At the beginning of Christie’s livestreamed 20th-century global relay sale yesterday, a slick introductory video drew similarities between its two host cities: Hong Kong and New York. Yet by the auction’s end, it was their differences that were most evident—this was, to use the football cliche, a game of two halves.
Concluding a drawn out 20th-century autumn auction season, the sale consisted of 49 lots, featuring very few blockbusters but plenty of reliable names. Thankfully for viewers, it was pared down from Christie’s first foray into “bricks-and-clicks” this July that sold 80 works across four cities.
Overall, 90% of the lots were sold and the sale achieved a decent $119.2m (with fees) against a low estimate of $94.9m (calculated without fees). As with other recent hybrid sales, a sizeable number of guarantees sured up today’s offerings—42% (38% in Hong Kong, and 45% in New York) of all lots were effectively pre-sold, over 75% of which were to third parties. Notably, however, there were no withdrawals.
The strategy of packing the opening Hong Kong section with fresh works by younger, currently sought after Western artists in Asia paid off—100% sold, accounting for 44% of the whole sale total. A whopping six out of 18 in Hong Kong lots made records for their artists—the majority of whom were born after 1970. Four of these were achieved within the first seven lots, setting up an energy that might be described as palpable save for the screens and the occasional lost-in-digital-translation moment between Elaine Kwok and the team of masked specialists in New York.
First out the gate, the 39-year-old US painter Shara Hughes secured her highest auction price for High Waters (2016) that sold for HK$4.1m ($532,000) via telephone with Jacky Ho, a vice president at Christie’s Hong Kong. Straight after, Amafao Boako’s perilously hot market got even hotter as his 2019 finger-painted portrait Baba Diop hammered for $HK7.2m ($929,000) following nearly five minutes of sustained bidding, eventually going to the same buyer as the Hughes. Boako’s previous record auction record of £675,000 ($880,971) was made just earlier this year at Phillips in London.
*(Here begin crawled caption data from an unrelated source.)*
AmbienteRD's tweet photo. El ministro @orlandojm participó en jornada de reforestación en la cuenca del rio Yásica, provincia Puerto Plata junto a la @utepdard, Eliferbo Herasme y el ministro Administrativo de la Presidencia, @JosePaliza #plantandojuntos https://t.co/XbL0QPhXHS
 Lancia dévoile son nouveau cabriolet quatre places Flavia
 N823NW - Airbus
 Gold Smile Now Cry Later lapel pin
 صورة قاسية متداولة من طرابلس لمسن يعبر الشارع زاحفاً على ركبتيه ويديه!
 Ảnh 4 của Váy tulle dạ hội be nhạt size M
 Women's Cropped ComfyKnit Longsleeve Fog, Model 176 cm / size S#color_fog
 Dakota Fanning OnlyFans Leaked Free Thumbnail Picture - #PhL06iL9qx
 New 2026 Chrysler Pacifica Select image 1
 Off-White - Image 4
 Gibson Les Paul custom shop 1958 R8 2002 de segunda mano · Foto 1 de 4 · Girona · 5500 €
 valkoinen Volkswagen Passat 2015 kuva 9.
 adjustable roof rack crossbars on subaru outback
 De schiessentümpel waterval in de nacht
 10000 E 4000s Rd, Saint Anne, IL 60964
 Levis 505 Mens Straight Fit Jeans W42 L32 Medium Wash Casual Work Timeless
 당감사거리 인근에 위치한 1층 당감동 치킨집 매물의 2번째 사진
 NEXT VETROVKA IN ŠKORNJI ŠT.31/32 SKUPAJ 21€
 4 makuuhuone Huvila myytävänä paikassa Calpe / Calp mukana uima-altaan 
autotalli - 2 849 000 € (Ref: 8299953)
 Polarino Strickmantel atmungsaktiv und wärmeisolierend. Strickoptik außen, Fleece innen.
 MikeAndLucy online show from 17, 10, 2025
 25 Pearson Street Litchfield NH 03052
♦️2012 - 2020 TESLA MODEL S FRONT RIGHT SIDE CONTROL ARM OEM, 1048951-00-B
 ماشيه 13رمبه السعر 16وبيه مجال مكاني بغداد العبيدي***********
Fellow auction flipper favourite Nicolas Party also made his best price following a battle between an online bidder from Texas and a Hong Kong specialist, who secured the work for US$1.35m (with fees). And proving that being cancelled is not just a temporary title, but a potentially lucrative one too, Dana Schutz’s painting Elevator (2016), which was featured in the 2017 Whitney Biennial alongside her now infamous work Open Casket, captured the attention of at least four bidders. Over five minutes, offers from New York and Hong Kong drove the work past its high estimate of US$2.6m until it was claimed by a Hong Kong collector at US$6.4m (with fees), nearly triple Schutz’s previous record made at Sotheby’s in New York last year.
Paintings by Joyce Pensato and Georges Mathieu also made auction records for their artists at US$291,590 and US$2.2m respectively, although the Mathieu barely scraped past its low estimate, securing the artist’s new record with just a single bid from the work’s third-party guarantor. Notably, several winning bids in Hong Kong were made in person, a stark difference to the scene in New York. Indeed, over half of tonight’s buyers came from the Asia Pacific region, with a third from the Americas.
Claiming the top prize from the Hong Kong leg was Japanese auction favourite Yoshitomo Nara, whose 2009 painting Agent Orange (In the Milky Lake) sold for US$8.55m (with fees), at the upper end of its $6.5m-$9m estimate. These strong Asian sales come just hours after a Hong Kong contemporary and Modern sale that amassed US$132m, including US$21.9m for a single lot sale of the 20th-century Chinese-French painter Sanyu’s Goldfish (around 1940).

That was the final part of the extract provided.